Gender: Concentrations of Atorvastatin and its active metabolites in women differ from those in men (Women: approx. 20% higher for Cmax and approx. 10% lower for AUC). These differences were of no clinical significance, resulting in no clinically significant differences in lipid effects among men and women.

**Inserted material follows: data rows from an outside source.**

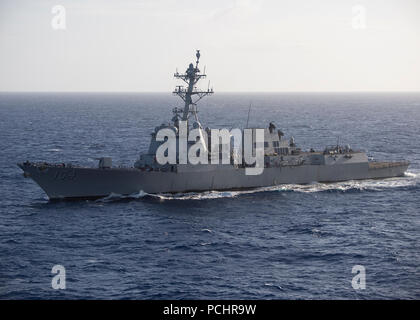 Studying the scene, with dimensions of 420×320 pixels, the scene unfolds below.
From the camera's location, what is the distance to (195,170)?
43906mm

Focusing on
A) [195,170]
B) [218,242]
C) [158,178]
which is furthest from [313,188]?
[218,242]

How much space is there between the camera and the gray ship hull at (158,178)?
41.3 meters

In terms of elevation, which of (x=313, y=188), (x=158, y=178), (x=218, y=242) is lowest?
(x=218, y=242)

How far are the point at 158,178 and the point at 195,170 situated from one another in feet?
10.5

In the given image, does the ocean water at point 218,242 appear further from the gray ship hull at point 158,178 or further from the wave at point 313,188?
the gray ship hull at point 158,178

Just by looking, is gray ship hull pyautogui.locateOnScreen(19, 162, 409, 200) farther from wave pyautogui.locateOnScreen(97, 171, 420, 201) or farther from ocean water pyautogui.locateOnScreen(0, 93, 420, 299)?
ocean water pyautogui.locateOnScreen(0, 93, 420, 299)

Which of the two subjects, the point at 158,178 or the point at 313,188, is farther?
the point at 313,188

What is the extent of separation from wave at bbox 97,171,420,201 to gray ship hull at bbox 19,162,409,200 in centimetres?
43

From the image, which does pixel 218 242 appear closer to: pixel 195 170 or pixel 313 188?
pixel 195 170

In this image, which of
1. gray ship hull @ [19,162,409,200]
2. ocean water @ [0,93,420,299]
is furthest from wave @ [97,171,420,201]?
gray ship hull @ [19,162,409,200]

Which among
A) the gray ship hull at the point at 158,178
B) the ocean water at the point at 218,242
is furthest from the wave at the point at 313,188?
the gray ship hull at the point at 158,178

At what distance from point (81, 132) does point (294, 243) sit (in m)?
68.7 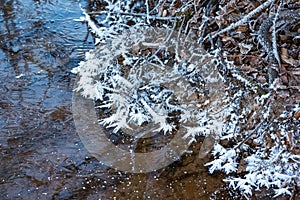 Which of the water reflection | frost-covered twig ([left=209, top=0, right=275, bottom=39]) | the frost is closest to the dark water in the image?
the water reflection

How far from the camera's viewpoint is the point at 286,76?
2.07 metres

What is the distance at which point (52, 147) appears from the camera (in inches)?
77.3

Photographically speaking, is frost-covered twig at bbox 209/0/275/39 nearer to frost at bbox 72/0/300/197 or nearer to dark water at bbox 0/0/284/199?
frost at bbox 72/0/300/197

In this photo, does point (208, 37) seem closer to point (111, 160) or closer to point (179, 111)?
point (179, 111)

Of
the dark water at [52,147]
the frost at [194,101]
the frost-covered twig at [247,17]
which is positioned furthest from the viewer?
the frost-covered twig at [247,17]

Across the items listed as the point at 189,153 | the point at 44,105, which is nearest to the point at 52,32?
the point at 44,105

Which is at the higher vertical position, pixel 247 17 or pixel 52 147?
pixel 247 17

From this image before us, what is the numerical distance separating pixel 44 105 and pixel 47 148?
0.33m

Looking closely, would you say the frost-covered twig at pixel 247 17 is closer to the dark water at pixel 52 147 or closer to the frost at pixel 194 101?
the frost at pixel 194 101

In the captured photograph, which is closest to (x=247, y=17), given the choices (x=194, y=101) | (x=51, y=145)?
(x=194, y=101)

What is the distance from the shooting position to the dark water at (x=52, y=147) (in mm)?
1806

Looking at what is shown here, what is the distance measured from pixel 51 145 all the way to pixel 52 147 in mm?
15

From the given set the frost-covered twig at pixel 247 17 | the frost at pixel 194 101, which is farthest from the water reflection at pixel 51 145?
the frost-covered twig at pixel 247 17

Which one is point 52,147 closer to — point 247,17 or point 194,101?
point 194,101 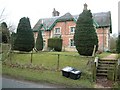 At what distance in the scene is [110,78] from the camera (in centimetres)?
1254

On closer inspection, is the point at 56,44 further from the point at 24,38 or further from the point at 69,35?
the point at 24,38

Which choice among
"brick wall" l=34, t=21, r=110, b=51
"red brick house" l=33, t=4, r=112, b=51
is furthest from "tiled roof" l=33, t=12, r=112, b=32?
"brick wall" l=34, t=21, r=110, b=51

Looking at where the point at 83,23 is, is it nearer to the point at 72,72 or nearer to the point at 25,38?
the point at 25,38

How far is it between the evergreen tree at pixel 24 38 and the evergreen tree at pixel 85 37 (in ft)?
18.5

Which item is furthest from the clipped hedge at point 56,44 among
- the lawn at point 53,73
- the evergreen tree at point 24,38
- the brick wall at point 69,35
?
the lawn at point 53,73

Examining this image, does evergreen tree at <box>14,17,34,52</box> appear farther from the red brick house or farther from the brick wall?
the brick wall

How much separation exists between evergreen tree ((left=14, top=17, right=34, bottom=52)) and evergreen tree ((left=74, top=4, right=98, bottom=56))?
5650mm

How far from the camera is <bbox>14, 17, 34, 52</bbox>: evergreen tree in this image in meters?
20.5

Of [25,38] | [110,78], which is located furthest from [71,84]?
[25,38]

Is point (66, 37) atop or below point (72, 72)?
atop

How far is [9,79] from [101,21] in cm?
2451

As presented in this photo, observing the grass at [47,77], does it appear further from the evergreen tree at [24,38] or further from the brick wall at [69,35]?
the brick wall at [69,35]

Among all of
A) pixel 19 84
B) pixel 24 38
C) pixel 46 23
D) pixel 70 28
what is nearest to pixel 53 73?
pixel 19 84

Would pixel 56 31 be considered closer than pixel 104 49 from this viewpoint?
No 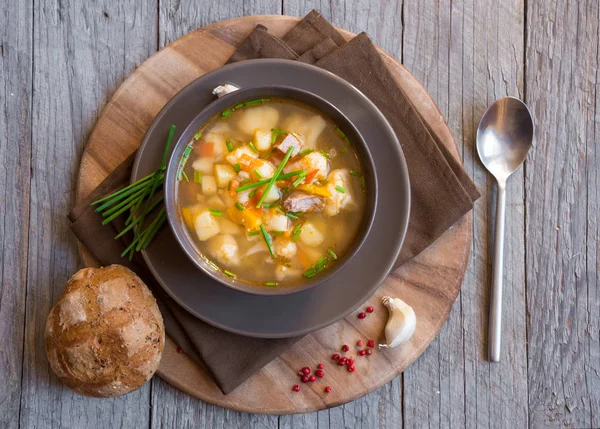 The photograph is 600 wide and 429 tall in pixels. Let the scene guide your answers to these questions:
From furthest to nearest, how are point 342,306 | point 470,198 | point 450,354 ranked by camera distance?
1. point 450,354
2. point 470,198
3. point 342,306

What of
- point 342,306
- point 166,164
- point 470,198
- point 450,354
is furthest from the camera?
point 450,354

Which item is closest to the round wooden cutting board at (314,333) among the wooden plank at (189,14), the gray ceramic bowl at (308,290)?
the wooden plank at (189,14)

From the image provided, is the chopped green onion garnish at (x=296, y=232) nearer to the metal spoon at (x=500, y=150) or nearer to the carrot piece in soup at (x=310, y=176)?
the carrot piece in soup at (x=310, y=176)

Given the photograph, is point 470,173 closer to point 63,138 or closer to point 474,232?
point 474,232

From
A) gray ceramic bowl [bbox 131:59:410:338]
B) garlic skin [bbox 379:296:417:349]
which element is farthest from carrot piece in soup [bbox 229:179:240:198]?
garlic skin [bbox 379:296:417:349]

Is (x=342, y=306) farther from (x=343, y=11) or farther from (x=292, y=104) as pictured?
(x=343, y=11)

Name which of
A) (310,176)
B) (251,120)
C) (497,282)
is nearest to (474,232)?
(497,282)

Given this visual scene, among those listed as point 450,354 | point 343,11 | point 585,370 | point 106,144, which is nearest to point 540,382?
point 585,370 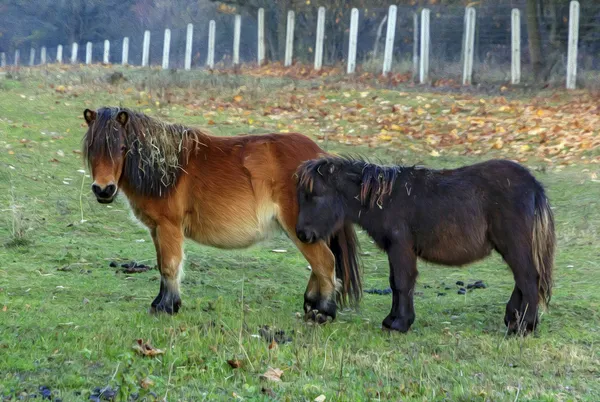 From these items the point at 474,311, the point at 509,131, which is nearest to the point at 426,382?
the point at 474,311

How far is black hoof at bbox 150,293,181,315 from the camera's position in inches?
315

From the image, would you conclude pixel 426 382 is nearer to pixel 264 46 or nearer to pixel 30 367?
pixel 30 367

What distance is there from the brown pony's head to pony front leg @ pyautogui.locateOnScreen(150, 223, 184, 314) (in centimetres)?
57

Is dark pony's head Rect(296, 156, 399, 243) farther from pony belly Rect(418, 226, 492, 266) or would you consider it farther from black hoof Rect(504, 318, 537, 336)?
black hoof Rect(504, 318, 537, 336)

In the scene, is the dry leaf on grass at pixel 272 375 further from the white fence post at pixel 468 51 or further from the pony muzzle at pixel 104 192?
the white fence post at pixel 468 51

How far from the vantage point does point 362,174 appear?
8.07m

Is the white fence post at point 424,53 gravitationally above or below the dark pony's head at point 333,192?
above

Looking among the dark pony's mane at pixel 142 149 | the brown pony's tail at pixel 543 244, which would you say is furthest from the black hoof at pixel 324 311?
the brown pony's tail at pixel 543 244

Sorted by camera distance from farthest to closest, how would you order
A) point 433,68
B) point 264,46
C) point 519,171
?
1. point 264,46
2. point 433,68
3. point 519,171

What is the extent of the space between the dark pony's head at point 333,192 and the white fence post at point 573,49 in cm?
1714

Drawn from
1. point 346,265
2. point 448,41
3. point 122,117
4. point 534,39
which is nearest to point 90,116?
point 122,117

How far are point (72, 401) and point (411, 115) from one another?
15.7 meters

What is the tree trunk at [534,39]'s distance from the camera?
26.8m

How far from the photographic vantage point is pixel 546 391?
5.89 m
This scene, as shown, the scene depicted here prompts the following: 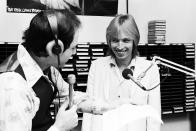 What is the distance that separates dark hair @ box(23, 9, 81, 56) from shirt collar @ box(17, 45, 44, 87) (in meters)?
0.03

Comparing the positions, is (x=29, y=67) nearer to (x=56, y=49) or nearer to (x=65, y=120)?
(x=56, y=49)

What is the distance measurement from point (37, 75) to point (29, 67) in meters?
0.05

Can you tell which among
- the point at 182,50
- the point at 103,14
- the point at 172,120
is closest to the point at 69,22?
the point at 103,14

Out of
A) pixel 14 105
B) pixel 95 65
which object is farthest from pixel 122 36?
pixel 14 105

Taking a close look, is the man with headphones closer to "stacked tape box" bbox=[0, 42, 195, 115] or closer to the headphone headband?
the headphone headband

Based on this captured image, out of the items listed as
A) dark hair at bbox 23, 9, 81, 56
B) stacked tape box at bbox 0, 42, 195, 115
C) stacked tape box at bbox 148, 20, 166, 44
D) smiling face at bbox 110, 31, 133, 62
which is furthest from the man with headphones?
stacked tape box at bbox 148, 20, 166, 44

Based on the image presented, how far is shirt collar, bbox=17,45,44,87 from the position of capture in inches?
46.8

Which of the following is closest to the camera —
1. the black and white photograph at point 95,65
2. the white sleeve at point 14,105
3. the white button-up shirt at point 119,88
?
the white sleeve at point 14,105

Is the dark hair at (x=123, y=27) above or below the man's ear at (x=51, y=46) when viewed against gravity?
above

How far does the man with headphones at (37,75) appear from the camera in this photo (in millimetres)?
1040

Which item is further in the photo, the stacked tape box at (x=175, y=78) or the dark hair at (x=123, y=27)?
the stacked tape box at (x=175, y=78)

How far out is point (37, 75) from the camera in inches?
48.8

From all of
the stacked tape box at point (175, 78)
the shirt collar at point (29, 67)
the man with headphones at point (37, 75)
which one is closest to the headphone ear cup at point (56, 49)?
the man with headphones at point (37, 75)

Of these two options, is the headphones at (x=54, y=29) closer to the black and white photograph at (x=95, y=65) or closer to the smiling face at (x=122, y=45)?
the black and white photograph at (x=95, y=65) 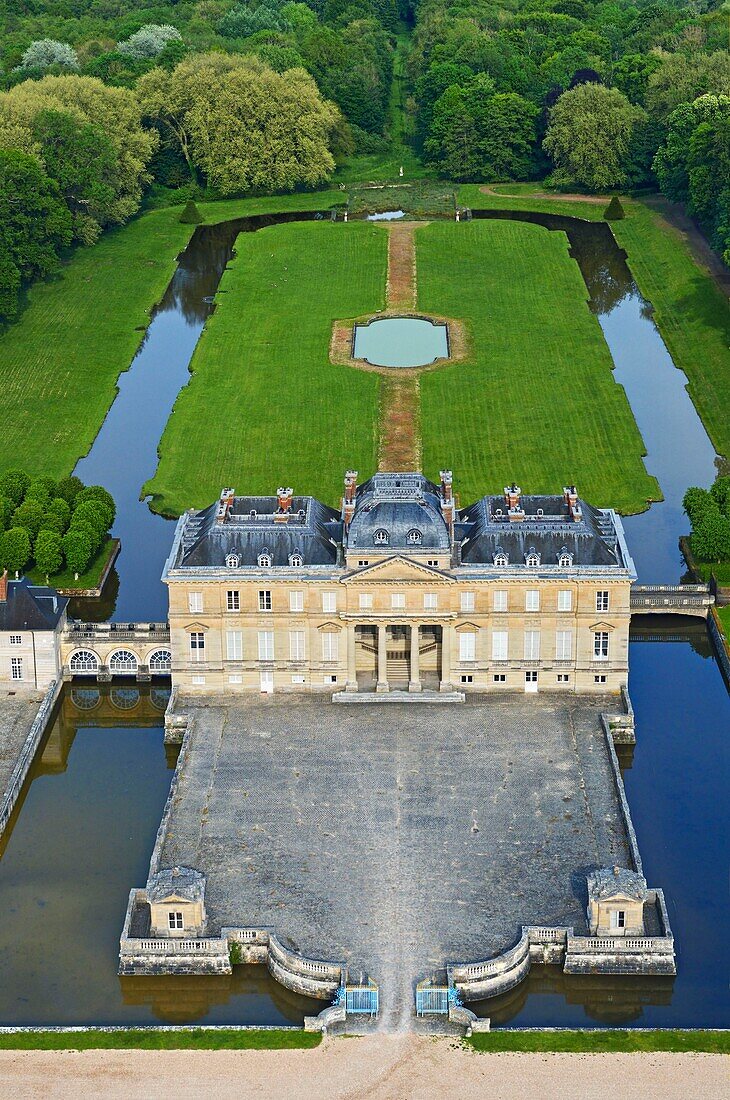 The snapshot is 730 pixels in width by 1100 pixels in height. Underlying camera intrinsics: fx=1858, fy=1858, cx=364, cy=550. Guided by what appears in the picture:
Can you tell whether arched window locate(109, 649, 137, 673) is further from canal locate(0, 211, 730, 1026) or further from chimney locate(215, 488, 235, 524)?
chimney locate(215, 488, 235, 524)

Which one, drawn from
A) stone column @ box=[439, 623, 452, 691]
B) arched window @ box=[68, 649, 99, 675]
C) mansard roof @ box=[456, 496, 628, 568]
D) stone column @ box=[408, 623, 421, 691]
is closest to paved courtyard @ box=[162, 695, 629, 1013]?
stone column @ box=[408, 623, 421, 691]

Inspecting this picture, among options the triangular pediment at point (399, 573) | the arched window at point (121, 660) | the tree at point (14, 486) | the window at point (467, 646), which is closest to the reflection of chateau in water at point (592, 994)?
the window at point (467, 646)

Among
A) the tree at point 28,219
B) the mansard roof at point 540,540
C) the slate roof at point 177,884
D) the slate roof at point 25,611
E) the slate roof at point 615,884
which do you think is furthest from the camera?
the tree at point 28,219

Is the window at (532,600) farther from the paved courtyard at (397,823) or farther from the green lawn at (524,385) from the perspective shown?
the green lawn at (524,385)

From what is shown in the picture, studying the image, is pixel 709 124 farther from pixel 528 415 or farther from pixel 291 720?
pixel 291 720

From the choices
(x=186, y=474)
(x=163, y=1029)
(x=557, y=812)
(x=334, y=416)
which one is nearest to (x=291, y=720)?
(x=557, y=812)

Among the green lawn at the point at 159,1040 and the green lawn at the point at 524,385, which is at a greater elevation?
the green lawn at the point at 159,1040

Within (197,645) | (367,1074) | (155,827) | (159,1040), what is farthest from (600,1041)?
(197,645) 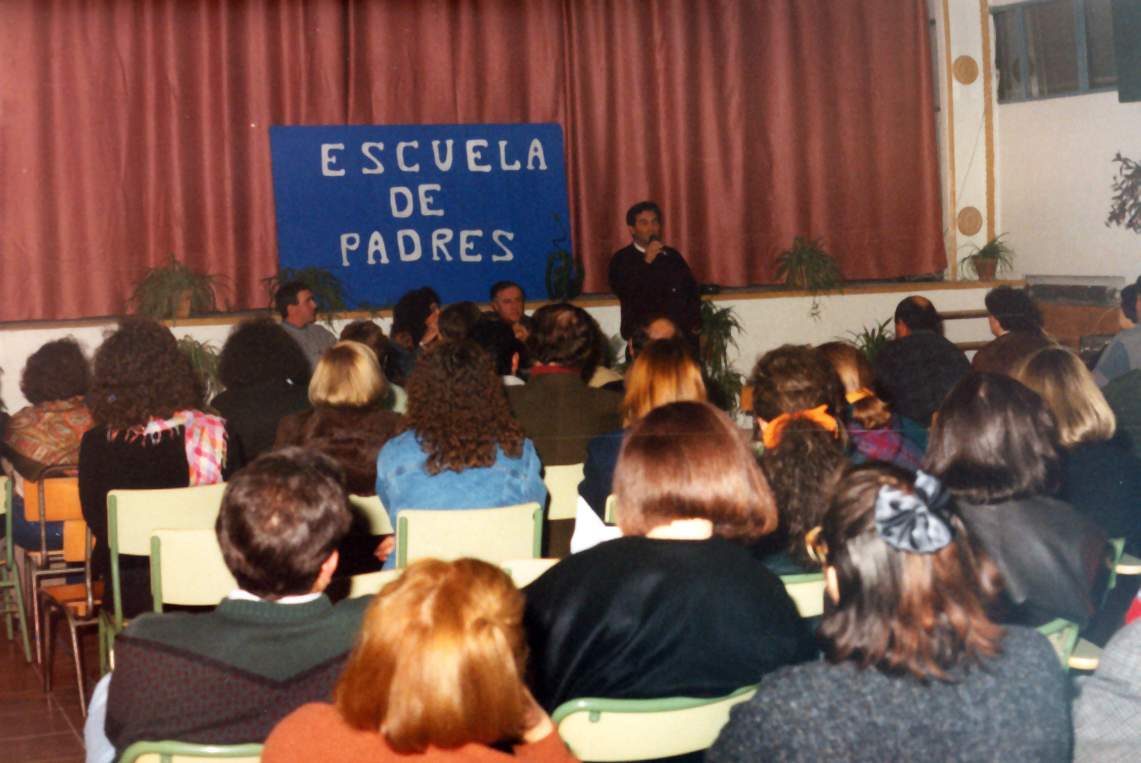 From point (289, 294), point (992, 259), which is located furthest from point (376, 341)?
point (992, 259)

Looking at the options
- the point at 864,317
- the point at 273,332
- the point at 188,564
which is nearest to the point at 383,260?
the point at 273,332

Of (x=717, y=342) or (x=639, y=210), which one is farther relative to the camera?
(x=717, y=342)

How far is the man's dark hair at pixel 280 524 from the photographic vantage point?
150 cm

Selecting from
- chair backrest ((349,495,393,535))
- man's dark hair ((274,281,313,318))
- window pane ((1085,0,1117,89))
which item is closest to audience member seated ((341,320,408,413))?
man's dark hair ((274,281,313,318))

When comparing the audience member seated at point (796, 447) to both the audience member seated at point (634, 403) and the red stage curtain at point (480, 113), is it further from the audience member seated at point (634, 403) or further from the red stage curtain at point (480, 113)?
the red stage curtain at point (480, 113)

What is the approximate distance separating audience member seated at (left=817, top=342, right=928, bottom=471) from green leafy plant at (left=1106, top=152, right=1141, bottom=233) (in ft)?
12.7

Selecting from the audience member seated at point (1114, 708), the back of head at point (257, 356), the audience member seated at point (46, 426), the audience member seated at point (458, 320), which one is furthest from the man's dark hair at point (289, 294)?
the audience member seated at point (1114, 708)

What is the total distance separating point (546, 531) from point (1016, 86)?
5155mm

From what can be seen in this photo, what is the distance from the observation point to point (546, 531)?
114 inches

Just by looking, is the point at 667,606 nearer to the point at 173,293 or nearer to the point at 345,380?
the point at 345,380

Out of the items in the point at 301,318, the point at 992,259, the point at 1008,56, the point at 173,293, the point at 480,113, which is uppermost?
the point at 1008,56

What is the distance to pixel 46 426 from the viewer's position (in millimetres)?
3123

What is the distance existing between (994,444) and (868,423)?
0.59 meters

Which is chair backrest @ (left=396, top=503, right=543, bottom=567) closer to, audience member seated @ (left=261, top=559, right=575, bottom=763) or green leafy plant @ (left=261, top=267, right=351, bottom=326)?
audience member seated @ (left=261, top=559, right=575, bottom=763) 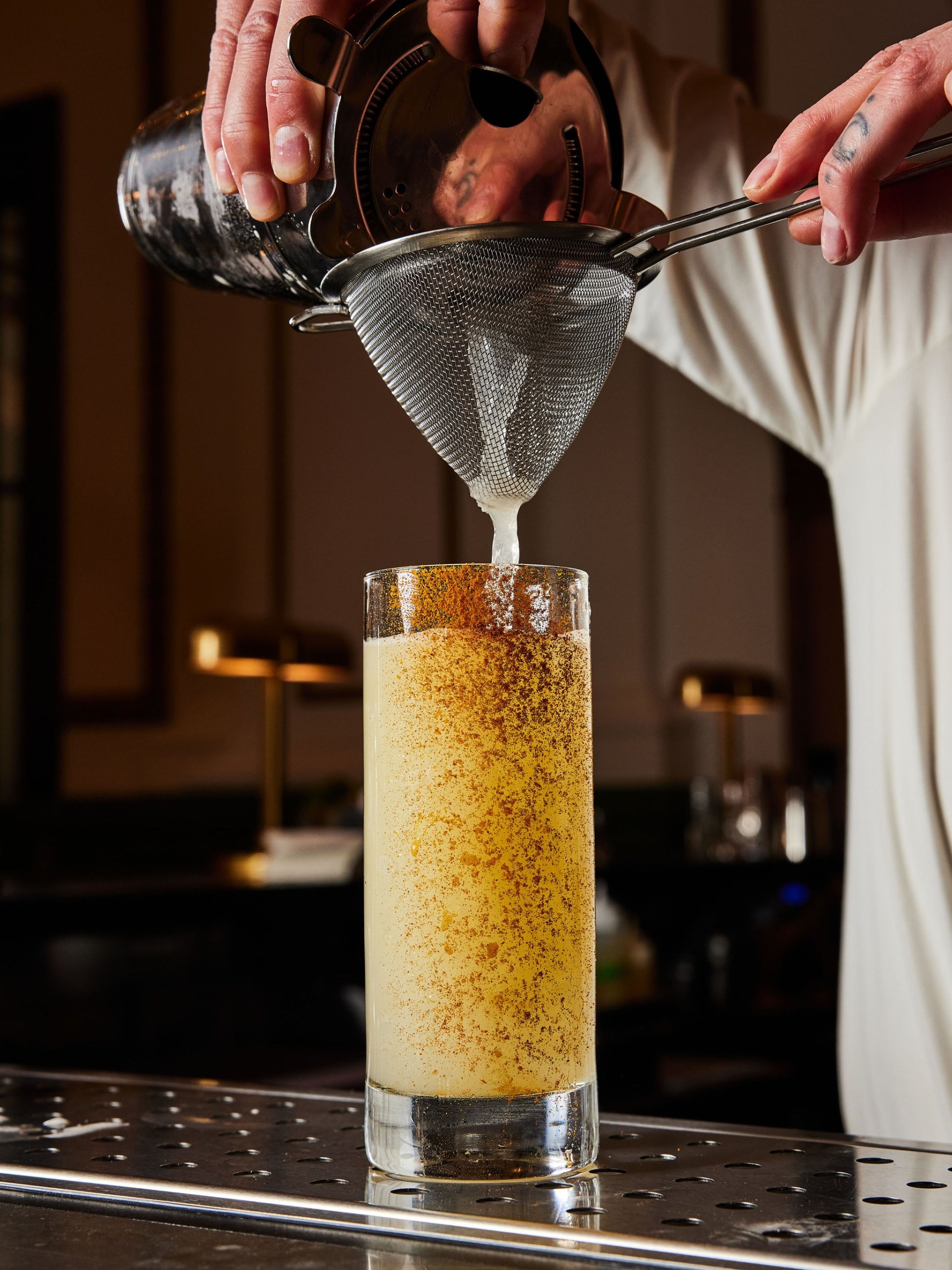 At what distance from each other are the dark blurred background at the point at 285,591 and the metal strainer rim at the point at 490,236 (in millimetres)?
2239

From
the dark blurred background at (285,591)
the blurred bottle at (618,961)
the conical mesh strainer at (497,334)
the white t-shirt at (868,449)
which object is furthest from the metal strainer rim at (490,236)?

Renal impairment: Renal disease has no influence on the plasma concentrations or lipid effects of Atorvastatin and its active metabolites.
Hepatic impairment: Plasma concentrations of Atorvastatin and its active metabolites are markedly increased (approx. 16-fold in Cmax and approx. 11-fold in AUC) in patients with chronic alcoholic liver disease (Child-Pugh B).
SLOC1B1 polymorphism: Hepatic uptake of all HMG-CoA reductase inhibitors including Atorvastatin, involves the OATP1B1 transporter. In patients with SLCO1B1 polymorphism there is a risk of increased exposure of Atorvastatin, which may lead to an increased risk of rhabdomyolysis. Polymorphism in the gene encoding OATP1B1 (SLCO1B1 c.521CC) is associated with a 2.4-fold higher Atorvastatin exposure (AUC) than in individuals without this genotype variant (c.521TT). A genetically impaired hepatic uptake of Atorvastatin is also possible in these patients. Possible consequences for the efficacy are unknown.